*** The data Section Begins ***
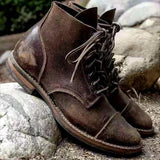 Męskie skórzane buty vintage sznurowane na gumowej podeszwie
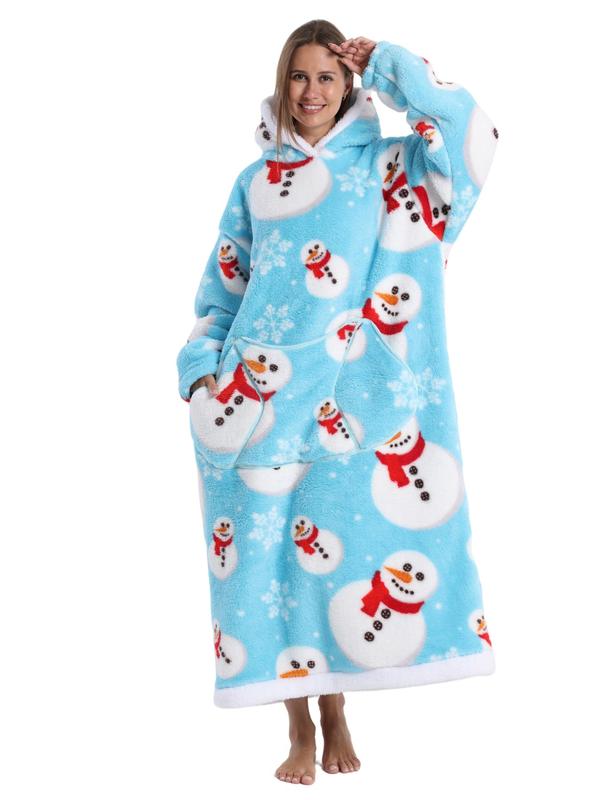 Women's Christmas Themed Print Drop Shoulder Flannel Hooded Dressing Gown, Casual Comfy Long Sleeve Pocket Thermal Lined Hooded Nightgown for Fall & Winter, Women's Sleepwear for Indoor Wear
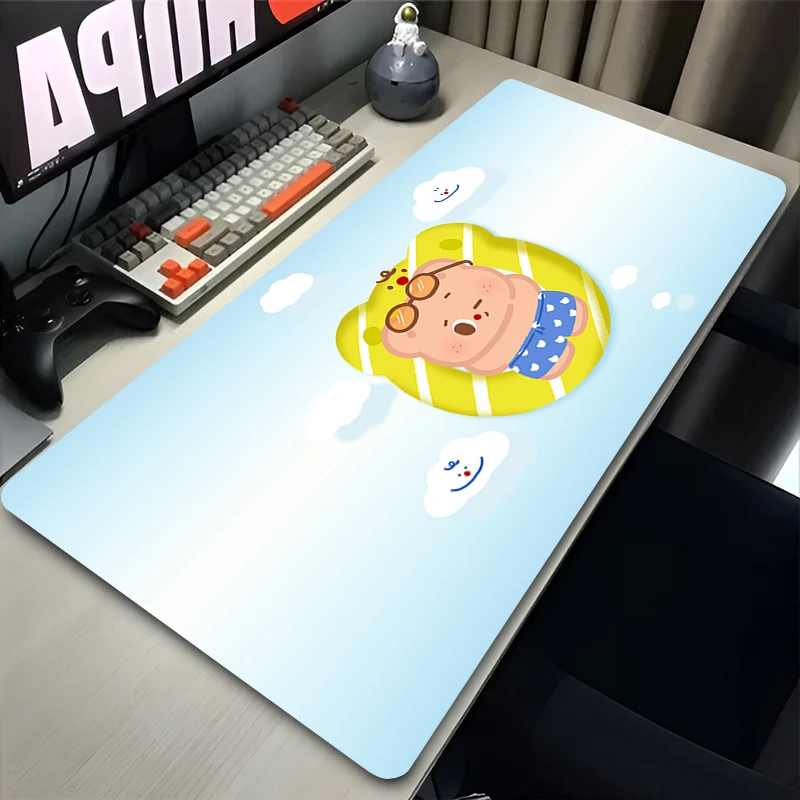 

1Pcs Mouse Pad HD Print Baby Bear Extended Gaming Mousepad PC Kawaii Desktop Mat With Stitched Non-Slip Rubber Base Keyboard Pad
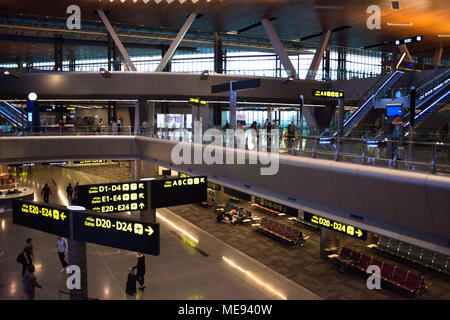 Doha Qatar Hamad International Airport. terminal interior Stock Photo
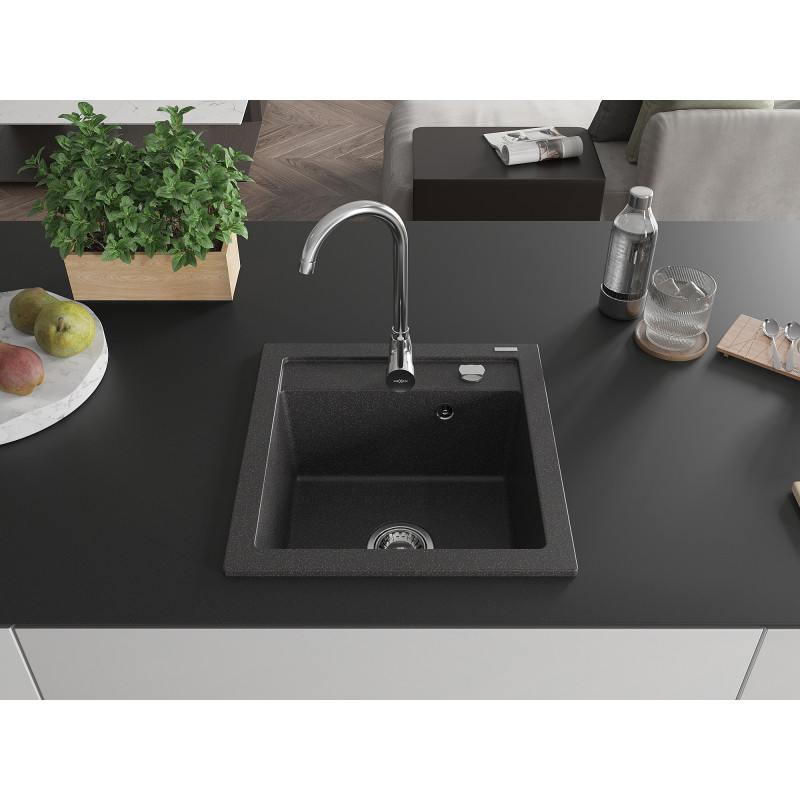 Mexen Vito granitinė vienos kameros virtuvinė kriauklė 520 x 490 mm, juoda marginta, chromuotas sifonas - 6503521000-76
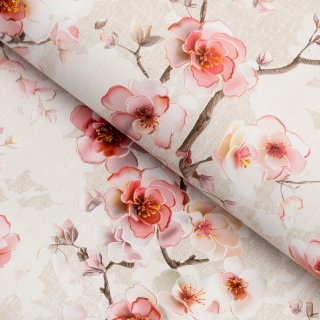 PVC ubrus Růžové květy sakury na režném PV-205 - metráž š. 140 cm - Biante.cz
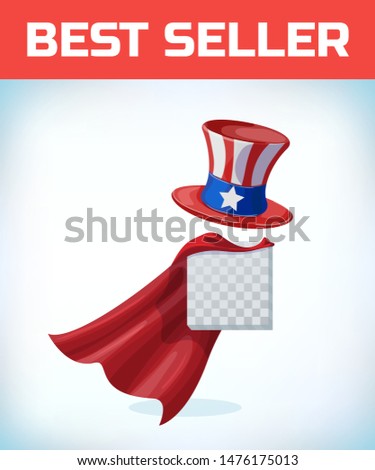 Uncle Sam Hat for American Holidays. American hat. Independence day hat. Masquerade costume headdress. Carnival or Halloween mask. Cartoon Vector illustration. Red cape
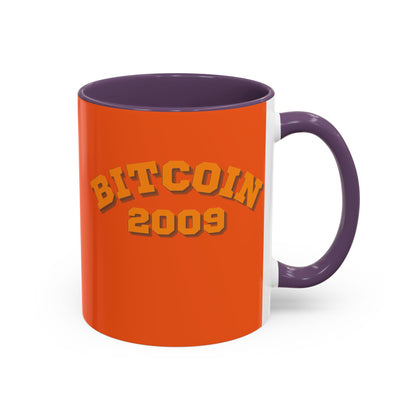 Bitcoin 2009 Orange Accent Mug by cypherpunkgear.com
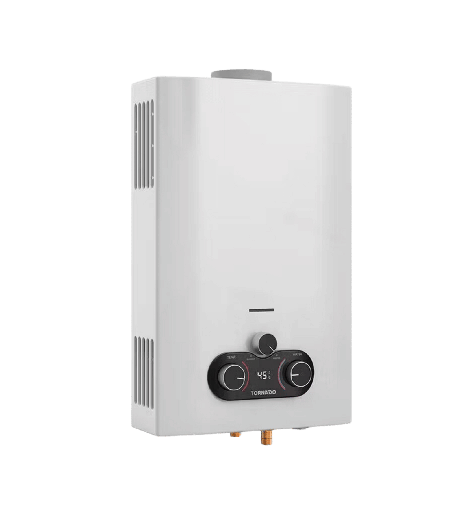 [2002974] سخان غاز تورنيدو 10 لتر غاز طبيعي ديجيتال مجهز لادابتر (مالتي باور) ابيض الجديد GH-MP10SN-W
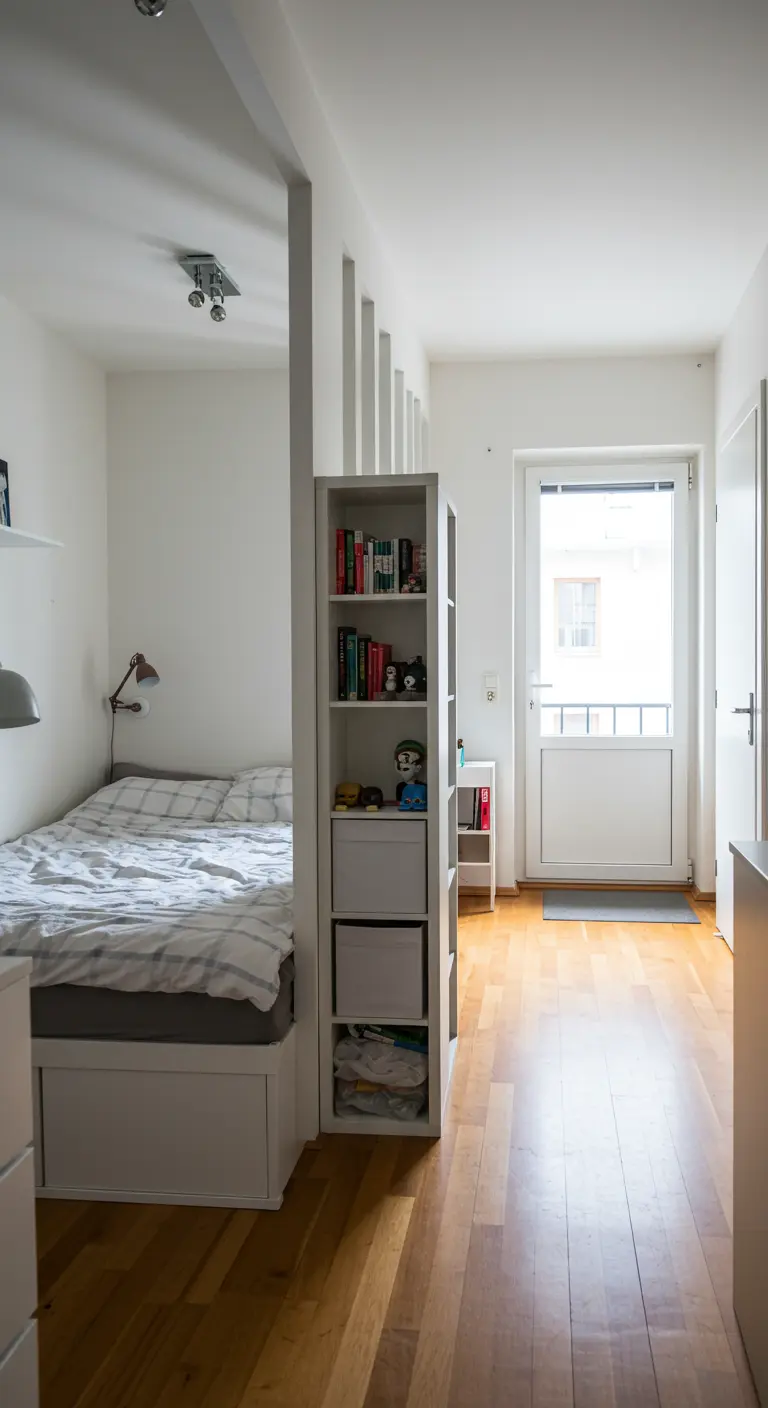 A narrow white bookshelf with drawers acts as a divider at the foot of a bed.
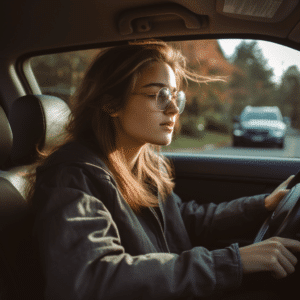 Teen driving car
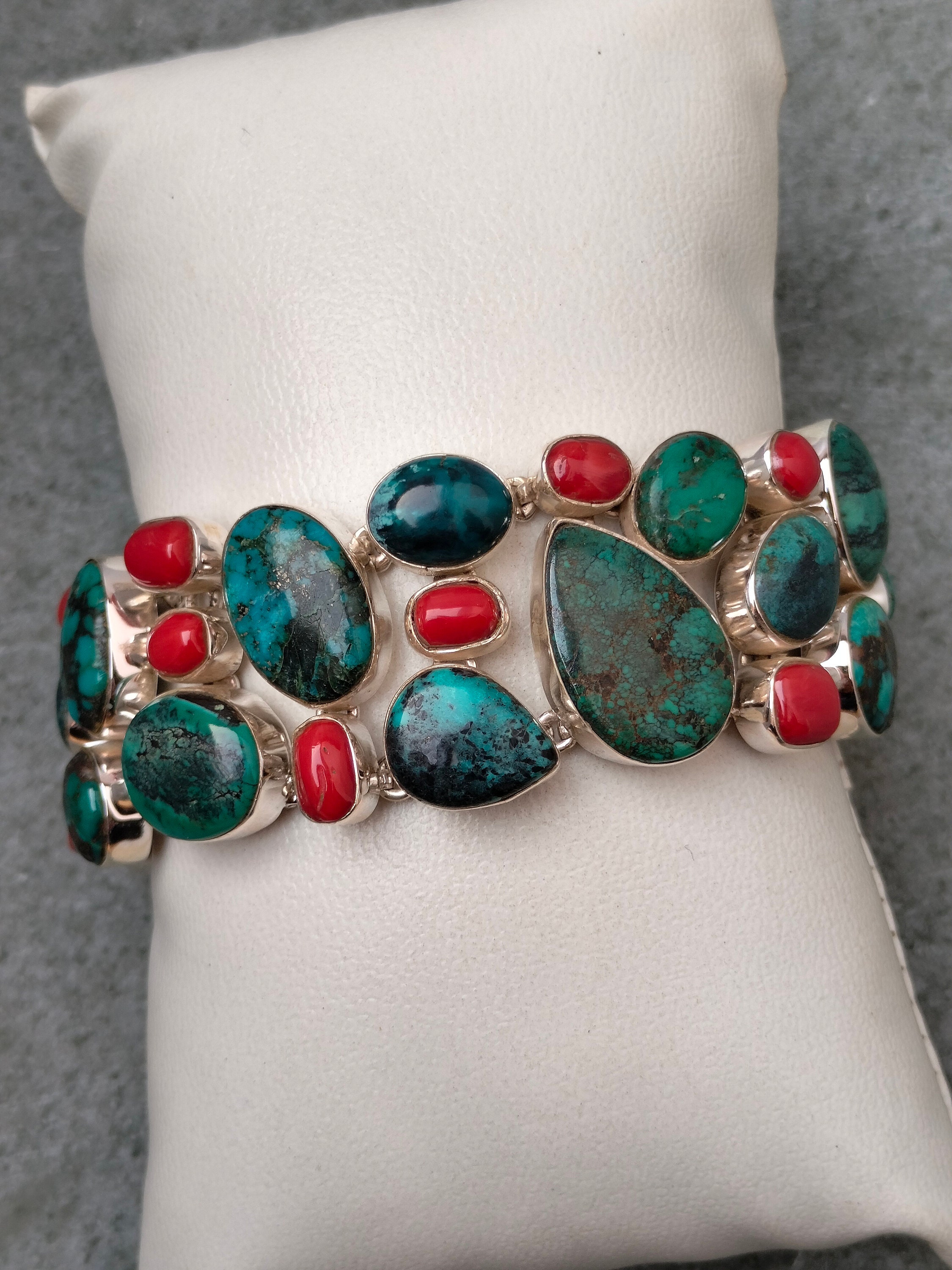 Early 1900's Vintage Native American Navajo Earth Turquoise Sterling Silver Bracelet Old Early 1900's Vintage Native American Navajo Earth Turquoise Sterling Silver Bracelet Old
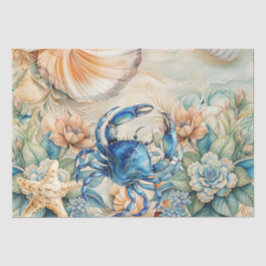 Papel De Seda Decoupage Azul Pastel Praiano Caranguejo e Conchas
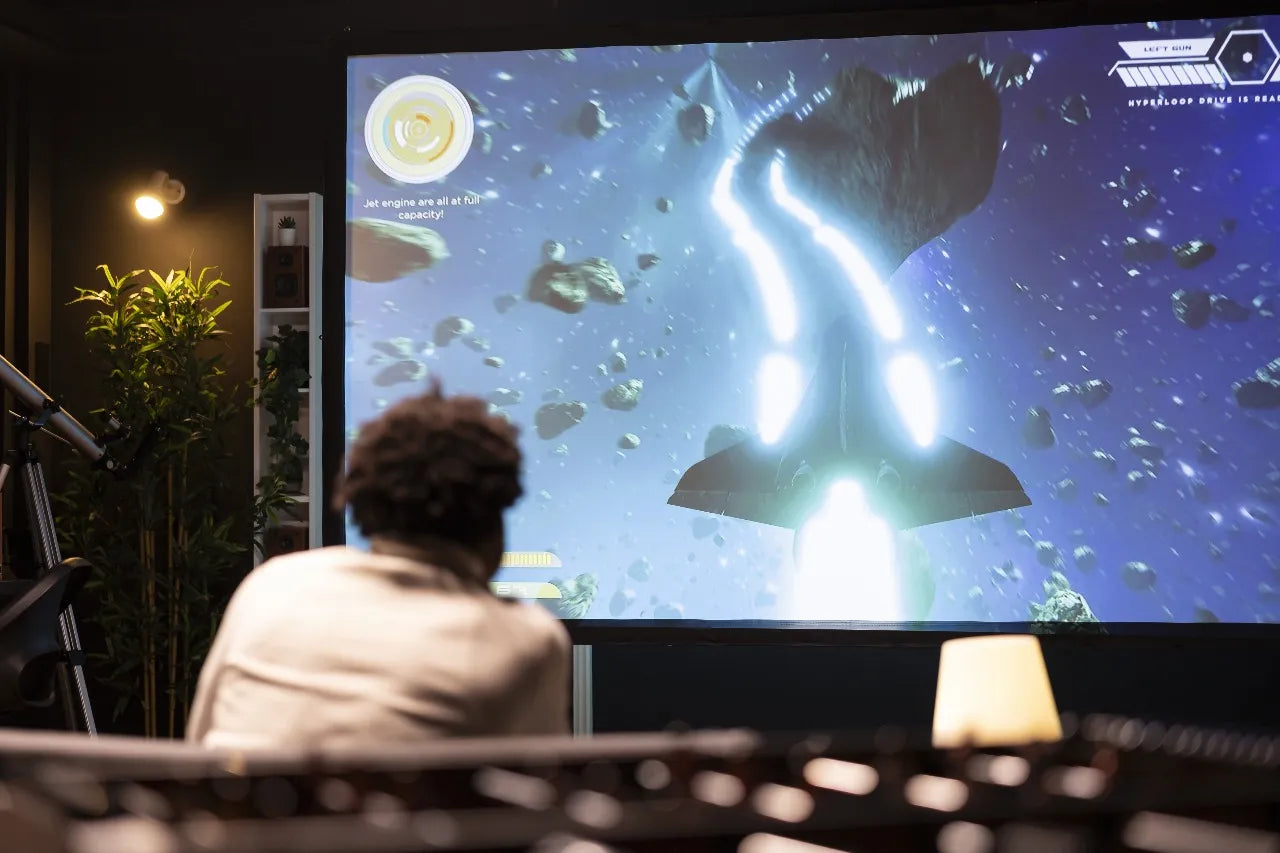 شاشة عرض بروجكتر 100 بوصة بنسبة 4:3 مع حامل ثلاثي – بورودو Porodo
*** The data Section Ends ***
Your task:
From the line that contains "PVC ubrus Růžové" down to the final line of the entries above, please copy each line exactly, excluding pictures.

Exercise result:
 PVC ubrus Růžové květy sakury na režném PV-205 - metráž š. 140 cm - Biante.cz
 Uncle Sam Hat for American Holidays. American hat. Independence day hat. Masquerade costume headdress. Carnival or Halloween mask. Cartoon Vector illustration. Red cape
 Bitcoin 2009 Orange Accent Mug by cypherpunkgear.com
 [2002974] سخان غاز تورنيدو 10 لتر غاز طبيعي ديجيتال مجهز لادابتر (مالتي باور) ابيض الجديد GH-MP10SN-W
 A narrow white bookshelf with drawers acts as a divider at the foot of a bed.
 Teen driving car
 Early 1900's Vintage Native American Navajo Earth Turquoise Sterling Silver Bracelet Old Early 1900's Vintage Native American Navajo Earth Turquoise Sterling Silver Bracelet Old
 Papel De Seda Decoupage Azul Pastel Praiano Caranguejo e Conchas
 شاشة عرض بروجكتر 100 بوصة بنسبة 4:3 مع حامل ثلاثي – بورودو Porodo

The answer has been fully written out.